The Valleys of the Assassins

For those of us who remember 1989, 2009 in Iran is eerily reminiscent. The only question is whether it's going to be the Velvet Revolution of late 1989 which freed Eastern Europe from Communism or whether its going to be June 1989 when the Chinese government crushed a pro democracy movement in Beijing by murdering hundreds of students in Tianamen Square. I don't know which way Iran is going to go, but this has clearly become a huge story. Andrew Sullivan has been posting live twitter feeds from Tehran and raw photo images from the AP and Getty. The BBC is starting to cover this a bit more (their Farsi service, apparently has been excellent) and CNN has now woken up to the enormity of these events. I am not a political blogger, it's not my bag at all, and if I was to blog about things which are of interest to me willy nilly then there would be a lot of tedious posts here about rugby, baseball and beer. I like the discipline of keeping this blog vaguely in the realm of the arts, especially books and films, so in the spirit of that, I'd like to briefly mention two more Iranian books that I've read that might give you an insight into Persian culture and identity: First, Shahrnush Parsipur's lovely collection of stories Women Without Men (nice nod to Hemingway in the title) and second Freya Stark's monumental The Valleys of the Assassins where the indomitable Miss Stark sets out to find the Old Man of the Mountains and the cult of assassins in 1930's Persia. Parsipur is a miniaturist whose observations on Iranian life and identity are precise and eloquent.

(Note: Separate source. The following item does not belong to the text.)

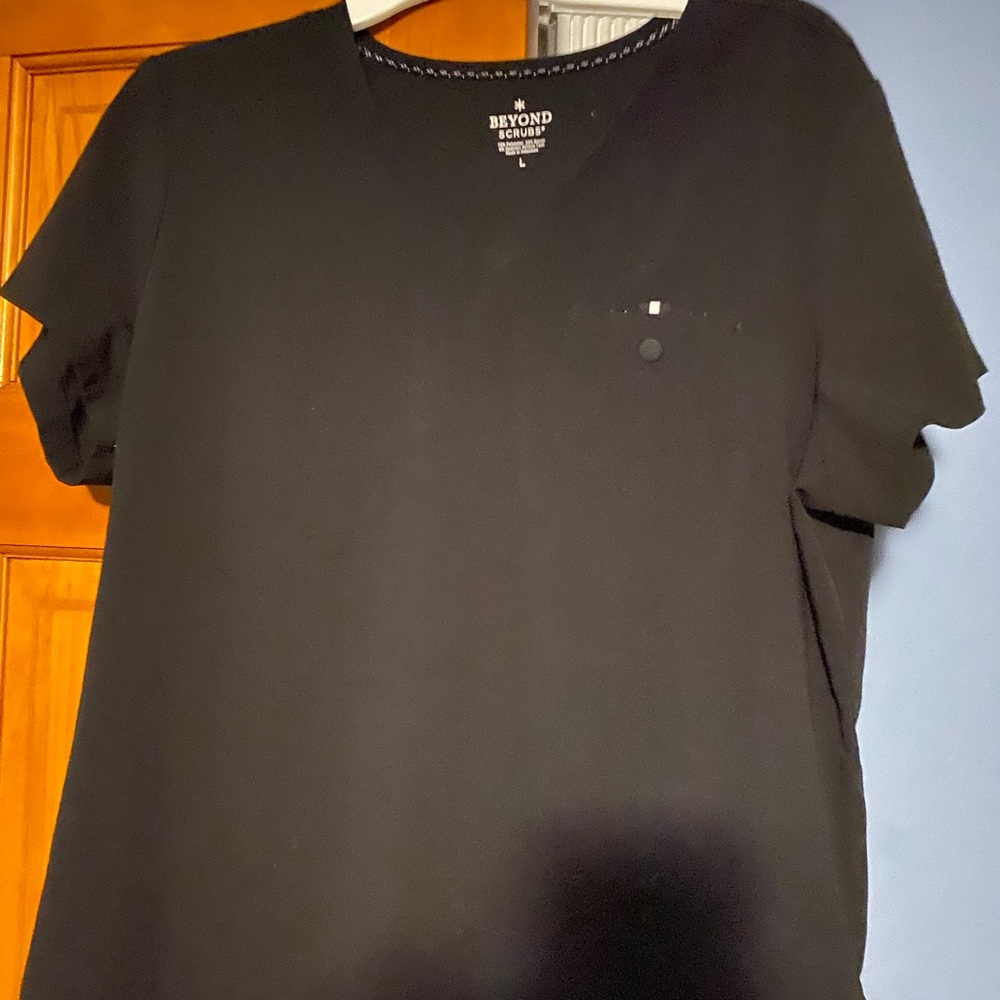 Beyond Scrubs Women’s Scrub Top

Freya Stark (1893 - 1993!) is one of the greatest travel writers of all time, undaunted by threats of delay, disease and death, she went wherever she wanted and did exactly as she pleased right up to the end of her long life - they just don't make 'em like that anymore, more's the pity. (BTW the reason this post is green comes from a twitter idea in Iran, to show solidarity with the Green Revolution.)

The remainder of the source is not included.